Go through the entries below and print each one exactly.

== Provided records ==

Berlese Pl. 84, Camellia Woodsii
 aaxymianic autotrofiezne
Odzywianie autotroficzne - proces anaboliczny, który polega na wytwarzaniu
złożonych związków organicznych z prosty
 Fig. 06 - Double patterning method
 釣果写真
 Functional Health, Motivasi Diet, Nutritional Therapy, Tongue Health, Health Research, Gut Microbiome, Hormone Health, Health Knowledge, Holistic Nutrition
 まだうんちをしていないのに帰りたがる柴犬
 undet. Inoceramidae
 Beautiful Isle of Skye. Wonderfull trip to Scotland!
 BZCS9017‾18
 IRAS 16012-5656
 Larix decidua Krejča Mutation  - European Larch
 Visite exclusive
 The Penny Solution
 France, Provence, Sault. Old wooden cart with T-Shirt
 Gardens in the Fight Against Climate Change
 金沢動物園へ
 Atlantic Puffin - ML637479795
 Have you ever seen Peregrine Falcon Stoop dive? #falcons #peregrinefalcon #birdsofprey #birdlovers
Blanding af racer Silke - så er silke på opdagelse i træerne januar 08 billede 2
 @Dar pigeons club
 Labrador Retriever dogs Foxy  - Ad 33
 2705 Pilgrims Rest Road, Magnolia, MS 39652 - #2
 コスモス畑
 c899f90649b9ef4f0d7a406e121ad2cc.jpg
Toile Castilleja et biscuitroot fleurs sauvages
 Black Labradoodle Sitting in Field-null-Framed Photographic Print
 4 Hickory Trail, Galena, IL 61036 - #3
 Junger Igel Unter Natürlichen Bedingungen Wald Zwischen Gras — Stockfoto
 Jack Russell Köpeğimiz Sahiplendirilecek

===

#### Written reply
Berlese Pl. 84, Camellia Woodsii
 aaxymianic autotrofiezne
Odzywianie autotroficzne - proces anaboliczny, który polega na wytwarzaniu
złożonych związków organicznych z prosty
 Fig. 06 - Double patterning method
 釣果写真
 Functional Health, Motivasi Diet, Nutritional Therapy, Tongue Health, Health Research, Gut Microbiome, Hormone Health, Health Knowledge, Holistic Nutrition
 まだうんちをしていないのに帰りたがる柴犬
 undet. Inoceramidae
 Beautiful Isle of Skye. Wonderfull trip to Scotland!
 BZCS9017‾18
 IRAS 16012-5656
 Larix decidua Krejča Mutation  - European Larch
 Visite exclusive
 The Penny Solution
 France, Provence, Sault. Old wooden cart with T-Shirt
 Gardens in the Fight Against Climate Change
 金沢動物園へ
 Atlantic Puffin - ML637479795
 Have you ever seen Peregrine Falcon Stoop dive? #falcons #peregrinefalcon #birdsofprey #birdlovers
Blanding af racer Silke - så er silke på opdagelse i træerne januar 08 billede 2
 @Dar pigeons club
 Labrador Retriever dogs Foxy  - Ad 33
 2705 Pilgrims Rest Road, Magnolia, MS 39652 - #2
 コスモス畑
 c899f90649b9ef4f0d7a406e121ad2cc.jpg
Toile Castilleja et biscuitroot fleurs sauvages
 Black Labradoodle Sitting in Field-null-Framed Photographic Print
 4 Hickory Trail, Galena, IL 61036 - #3
 Junger Igel Unter Natürlichen Bedingungen Wald Zwischen Gras — Stockfoto
 Jack Russell Köpeğimiz Sahiplendirilecek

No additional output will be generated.